The federal government tried to get tough on human smugglers, but a judge got tough on the government for using a law that could catch too many people in its net.
After two boatloads of Tamil migrants arrived off Victoria in 2009 and 2010, the federal government promised to crack down on illegal immigrants and on human smugglers who prey on desperate people. There is no question that we must halt human smuggling by criminal gangs bent only on profit, but in its eagerness, the government risks criminalizing both the desperate and those who want to help them for humanitarian reasons.
The judgment released Monday was in a case against four of the men on the MV Ocean Lady, which arrived off the B.C. coast in the fall of 2009. The four were charged under Section 117 of the Immigration and Refugee Protection Act.

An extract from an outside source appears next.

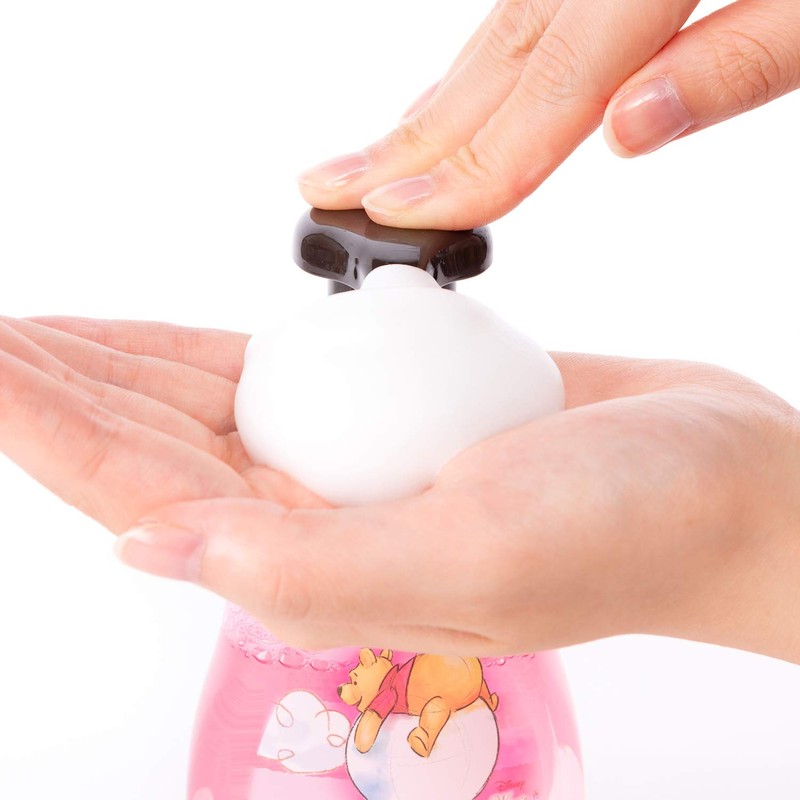 Softymo Cleansing Foam Honey Mild 6.8 fl oz (200 ml)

The law, which dates back to 2002, defines human smugglers as those who “knowingly organize, induce, aid or abet” someone to enter Canada without a visa, passport or other required documents.
Those who bring in 10 or more people can be fined $1 million and imprisoned for life.
The defence argued, and Justice Arne Silverman agreed, that the law is too broad. It says nothing about smuggling people for profit, so it could apply to family members who help their relatives or to humanitarian workers.
The government lawyers argued that that would never happen because part of Section 117 requires that all charges be approved in advance by the federal attorney general. The government’s policy and international agreements state that those who help migrants for humanitarian reasons are not to be charged.
But that leaves the protection of family members and humanitarian workers up to the attorney general, rather the security of the law, which is not sufficient. Just ask aid worker Janet Hinshaw-Thomas.
Hinshaw-Thomas, the American founder and director of Prime Ecumenical Commitment to Refugees, was charged under the act in 2007 when she brought a group of Haitian asylum-seekers to the Canada-U.S. border. When she told Canadian border officials she collected a $250 fee to cover the group’s costs, she was charged — with the approval of then-attorney general Robert Nicholson.
Although the charges were later stayed after a public outcry, it was clear that the requirement for ministerial approval was not a guarantee against abuse.
The judge in the Ocean Lady case ruled that Section 117 has “no force and effect” because it is too broad, and must be rewritten to be more specific about who is targeted. The ruling says nothing about the guilt or innocence of the four men.
Although that section of the act predates the Conservative government, the Crown’s attempts to defend it are part of its efforts to portray the Ocean Lady and Sun Sea as the first waves of a flood of seaborne migrants trying to enter Canada.
The government’s new, tougher laws, which came into effect in December, include holding migrants who come by ship in provincial jails. There is an unstated assumption that these people are not legitimate refugees, so it’s OK to treat them like criminals.
In fact, as the Times Colonist’s Katie DeRosa pointed out in her series last year, the 492 people on the Sun Sea were the equivalent of one week’s worth of refugee claims received by Canada. The vast majority of asylum-seekers arrive by plane.
The federal government is right to crack down on the criminals who smuggle people for profit, but in its efforts to be seen as acting on two notorious incidents, it risks subjecting people fleeing persecution to still more persecution.